__Directions__.
Nothing in the entries may be altered; copy them all exactly.

Web page caption snippets
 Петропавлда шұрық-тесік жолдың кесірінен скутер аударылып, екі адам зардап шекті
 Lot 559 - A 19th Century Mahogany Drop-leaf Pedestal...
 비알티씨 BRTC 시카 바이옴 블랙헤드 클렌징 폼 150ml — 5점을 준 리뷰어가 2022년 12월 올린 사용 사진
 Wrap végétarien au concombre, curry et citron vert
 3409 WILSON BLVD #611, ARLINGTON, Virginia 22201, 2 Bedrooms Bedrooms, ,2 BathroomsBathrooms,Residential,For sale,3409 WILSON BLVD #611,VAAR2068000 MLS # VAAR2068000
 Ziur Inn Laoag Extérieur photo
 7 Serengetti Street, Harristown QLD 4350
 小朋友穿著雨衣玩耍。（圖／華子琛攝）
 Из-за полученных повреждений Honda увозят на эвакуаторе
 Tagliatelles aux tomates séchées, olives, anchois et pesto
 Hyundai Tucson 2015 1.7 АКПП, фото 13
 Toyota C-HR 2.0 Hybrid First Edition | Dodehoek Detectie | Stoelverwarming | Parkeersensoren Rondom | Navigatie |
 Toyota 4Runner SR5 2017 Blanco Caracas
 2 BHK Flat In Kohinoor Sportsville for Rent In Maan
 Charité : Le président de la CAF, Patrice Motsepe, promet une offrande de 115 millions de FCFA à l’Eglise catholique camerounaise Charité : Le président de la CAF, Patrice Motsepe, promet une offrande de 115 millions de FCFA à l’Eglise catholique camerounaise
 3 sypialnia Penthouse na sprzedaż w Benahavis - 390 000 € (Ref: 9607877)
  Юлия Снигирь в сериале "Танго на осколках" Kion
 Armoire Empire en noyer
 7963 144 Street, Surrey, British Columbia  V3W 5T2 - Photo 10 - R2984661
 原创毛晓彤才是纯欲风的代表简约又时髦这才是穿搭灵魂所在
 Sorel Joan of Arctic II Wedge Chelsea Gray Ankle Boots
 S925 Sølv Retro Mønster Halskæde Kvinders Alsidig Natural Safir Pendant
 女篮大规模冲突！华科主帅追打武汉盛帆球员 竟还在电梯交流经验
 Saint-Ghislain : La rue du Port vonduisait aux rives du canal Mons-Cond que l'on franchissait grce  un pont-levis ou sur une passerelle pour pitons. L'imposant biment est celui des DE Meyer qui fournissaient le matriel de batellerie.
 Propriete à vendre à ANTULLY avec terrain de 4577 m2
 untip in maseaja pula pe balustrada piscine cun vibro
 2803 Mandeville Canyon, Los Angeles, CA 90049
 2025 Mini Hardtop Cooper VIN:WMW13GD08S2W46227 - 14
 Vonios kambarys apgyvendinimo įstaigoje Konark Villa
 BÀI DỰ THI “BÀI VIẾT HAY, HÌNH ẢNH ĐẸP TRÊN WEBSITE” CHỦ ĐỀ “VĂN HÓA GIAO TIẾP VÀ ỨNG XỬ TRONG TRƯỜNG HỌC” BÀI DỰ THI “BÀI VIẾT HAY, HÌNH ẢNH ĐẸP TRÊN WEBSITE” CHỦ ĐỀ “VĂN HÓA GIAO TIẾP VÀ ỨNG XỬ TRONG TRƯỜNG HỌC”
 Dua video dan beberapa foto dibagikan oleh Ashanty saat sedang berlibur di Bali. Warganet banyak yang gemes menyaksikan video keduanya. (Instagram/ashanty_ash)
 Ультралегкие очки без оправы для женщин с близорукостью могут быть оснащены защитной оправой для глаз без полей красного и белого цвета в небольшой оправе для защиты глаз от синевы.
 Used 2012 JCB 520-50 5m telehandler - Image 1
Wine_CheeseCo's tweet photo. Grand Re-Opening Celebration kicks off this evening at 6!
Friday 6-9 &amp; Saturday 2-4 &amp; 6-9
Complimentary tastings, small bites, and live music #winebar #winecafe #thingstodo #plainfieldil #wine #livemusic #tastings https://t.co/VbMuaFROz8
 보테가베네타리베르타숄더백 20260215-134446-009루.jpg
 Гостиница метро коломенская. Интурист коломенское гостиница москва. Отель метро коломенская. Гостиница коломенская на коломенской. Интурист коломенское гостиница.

__Task response__.
 Петропавлда шұрық-тесік жолдың кесірінен скутер аударылып, екі адам зардап шекті
 Lot 559 - A 19th Century Mahogany Drop-leaf Pedestal...
 비알티씨 BRTC 시카 바이옴 블랙헤드 클렌징 폼 150ml — 5점을 준 리뷰어가 2022년 12월 올린 사용 사진
 Wrap végétarien au concombre, curry et citron vert
 3409 WILSON BLVD #611, ARLINGTON, Virginia 22201, 2 Bedrooms Bedrooms, ,2 BathroomsBathrooms,Residential,For sale,3409 WILSON BLVD #611,VAAR2068000 MLS # VAAR2068000
 Ziur Inn Laoag Extérieur photo
 7 Serengetti Street, Harristown QLD 4350
 小朋友穿著雨衣玩耍。（圖／華子琛攝）
 Из-за полученных повреждений Honda увозят на эвакуаторе
 Tagliatelles aux tomates séchées, olives, anchois et pesto
 Hyundai Tucson 2015 1.7 АКПП, фото 13
 Toyota C-HR 2.0 Hybrid First Edition | Dodehoek Detectie | Stoelverwarming | Parkeersensoren Rondom | Navigatie |
 Toyota 4Runner SR5 2017 Blanco Caracas
 2 BHK Flat In Kohinoor Sportsville for Rent In Maan
 Charité : Le président de la CAF, Patrice Motsepe, promet une offrande de 115 millions de FCFA à l’Eglise catholique camerounaise Charité : Le président de la CAF, Patrice Motsepe, promet une offrande de 115 millions de FCFA à l’Eglise catholique camerounaise
 3 sypialnia Penthouse na sprzedaż w Benahavis - 390 000 € (Ref: 9607877)
  Юлия Снигирь в сериале "Танго на осколках" Kion
 Armoire Empire en noyer
 7963 144 Street, Surrey, British Columbia  V3W 5T2 - Photo 10 - R2984661
 原创毛晓彤才是纯欲风的代表简约又时髦这才是穿搭灵魂所在
 Sorel Joan of Arctic II Wedge Chelsea Gray Ankle Boots
 S925 Sølv Retro Mønster Halskæde Kvinders Alsidig Natural Safir Pendant
 女篮大规模冲突！华科主帅追打武汉盛帆球员 竟还在电梯交流经验
 Saint-Ghislain : La rue du Port vonduisait aux rives du canal Mons-Cond que l'on franchissait grce  un pont-levis ou sur une passerelle pour pitons. L'imposant biment est celui des DE Meyer qui fournissaient le matriel de batellerie.
 Propriete à vendre à ANTULLY avec terrain de 4577 m2
 untip in maseaja pula pe balustrada piscine cun vibro
 2803 Mandeville Canyon, Los Angeles, CA 90049
 2025 Mini Hardtop Cooper VIN:WMW13GD08S2W46227 - 14
 Vonios kambarys apgyvendinimo įstaigoje Konark Villa
 BÀI DỰ THI “BÀI VIẾT HAY, HÌNH ẢNH ĐẸP TRÊN WEBSITE” CHỦ ĐỀ “VĂN HÓA GIAO TIẾP VÀ ỨNG XỬ TRONG TRƯỜNG HỌC” BÀI DỰ THI “BÀI VIẾT HAY, HÌNH ẢNH ĐẸP TRÊN WEBSITE” CHỦ ĐỀ “VĂN HÓA GIAO TIẾP VÀ ỨNG XỬ TRONG TRƯỜNG HỌC”
 Dua video dan beberapa foto dibagikan oleh Ashanty saat sedang berlibur di Bali. Warganet banyak yang gemes menyaksikan video keduanya. (Instagram/ashanty_ash)
 Ультралегкие очки без оправы для женщин с близорукостью могут быть оснащены защитной оправой для глаз без полей красного и белого цвета в небольшой оправе для защиты глаз от синевы.
 Used 2012 JCB 520-50 5m telehandler - Image 1
Wine_CheeseCo's tweet photo. Grand Re-Opening Celebration kicks off this evening at 6!
Friday 6-9 &amp; Saturday 2-4 &amp; 6-9
Complimentary tastings, small bites, and live music #winebar #winecafe #thingstodo #plainfieldil #wine #livemusic #tastings https://t.co/VbMuaFROz8
 보테가베네타리베르타숄더백 20260215-134446-009루.jpg
 Гостиница метро коломенская. Интурист коломенское гостиница москва. Отель метро коломенская. Гостиница коломенская на коломенской. Интурист коломенское гостиница.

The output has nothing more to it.